Exotic Terranes: the making of New England

Until the Ordovician period, North America was missing most of what we know of today as New England. Formed over hundreds of millions of years, New England was slowly pieced togetherby the addition of several tiny strips of land to the proto-North American continent. These strips of land are called "exotic terranes," small landmasses that originated from somewhere other than North America and were tacked on to the continent as plates converged. Cameron's Line marks the ancient suture line between proto-North America and the exotic terranes of New England. Over several million years, two exotic terranes were added to proto-North America: the Iapetus Terrane and the Avalonia Microcontinent Terrane (Figure 1.10).

Figure 1.10: New England was not always part of the North American continent. Slices of land known as exotic terranes, collided with North America during the Taconic and Acadian orogenies. Figure by J. Houghton.

During the Taconic mountain-building event, volcanic islands had formed in the Iapetus Ocean, at the subduction zone of the plates carrying North America and Baltica. As the plates merged, the dense oceanic crust of the Iapetus Ocean was pulled down into the mantle where it melted. Some magma from the melting, subducting oceanic crust, rose back up through the plate to form the volcanic islands. Weathering and erosion of the volcanic islands produced sediments that were then deposited in the Iapetus Ocean. The volcanic islands drew closer and closer to proto-North America and the volcanic islands. The Iapetus Terrane, including the string of volcanoes and associated ocean basin sediments from the Taconic mountain-building event, added most of Vermont, New Hampshire, central Massachusetts, Connecticut and Maine to the Northeast.

Figure 1.11: Silurian: 425 million years ago.
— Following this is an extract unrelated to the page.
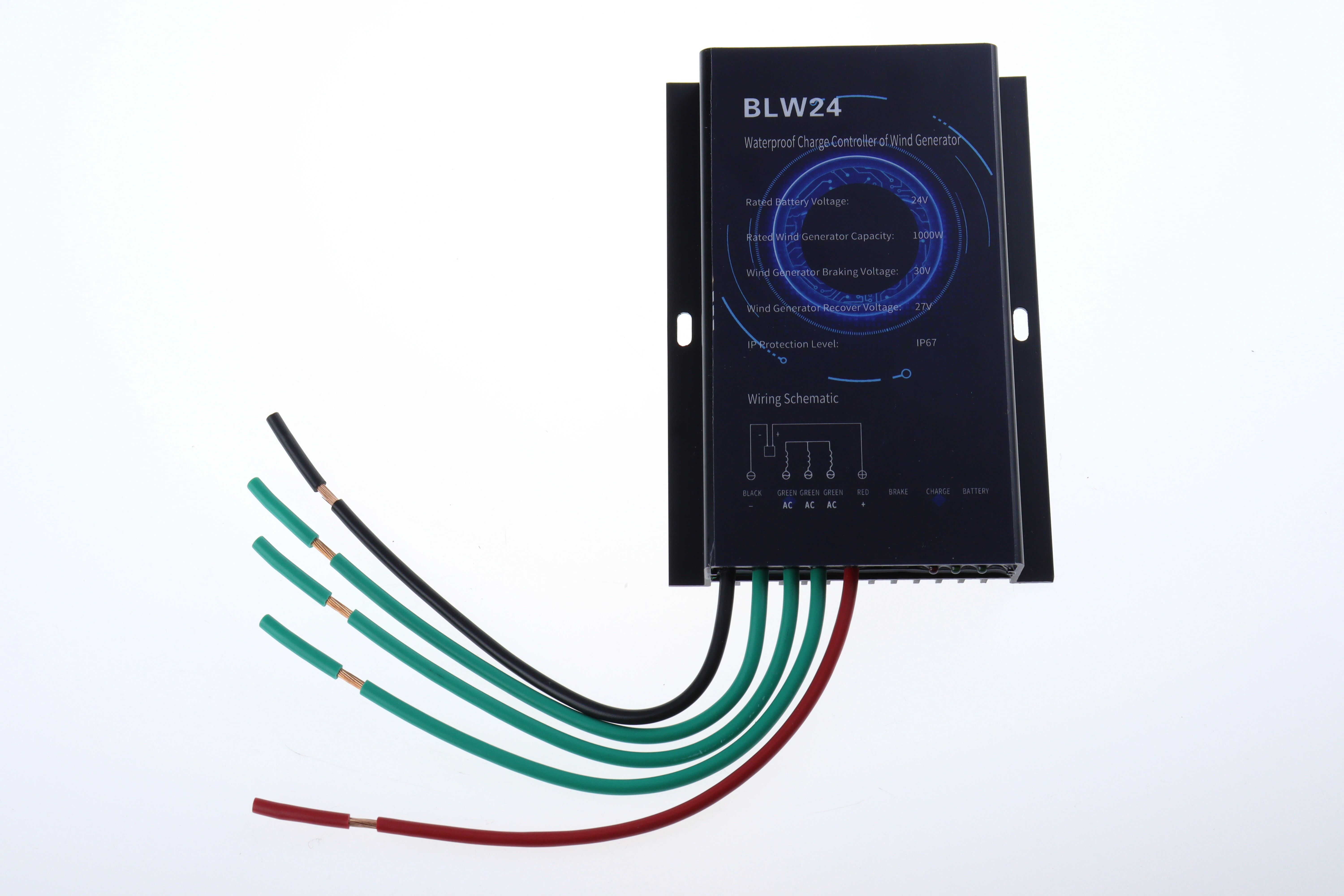 Excellway 1000W 24/48V Wind Turbine Controller  Wind Controller for Home/Camping — view 2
The exotic terrane was a microcontinent, originating from the African plate (Gondwana) in the south and traveling northwards on the moving plates to collide with North America. When the Iapetus Ocean closed in the Devonian, Avalonia was sutured to the East Coast in between the colliding continents of Baltica and North America. Avalonia tacked on the last main bits of New England, including eastern Maine, Connecticut and Massachusetts, and Rhode Island. Only Cape Cod, Long Island and smaller islands off the coast of New England were yet to be part of the Northeast.

The Iapetus and Avalonia Terranes that make up New England were added to the Northeast over millions of years during the Taconic orogeny and the later Acadian orogeny (when North America collided with Baltica) from the Ordovician through the Devonian (Figure 1.11). The terranes were squeezed, crumpled, deformed and intensely metamorphosed. This has made for some rather complex geology in the New England area. The intensity of deformation and metamorphism has made it difficult for geologists to distinguish the individual volcanic islands added to the margin of North America or the exact timing of exotic terrane collisions. 

Figure 1.12: Exotic Terranes:

  • Taconic volcanic arc collides with North America.
  • Iapetus Ocean sediments collide with North America.
  • Avalonia (origin uncertain) collides with North America.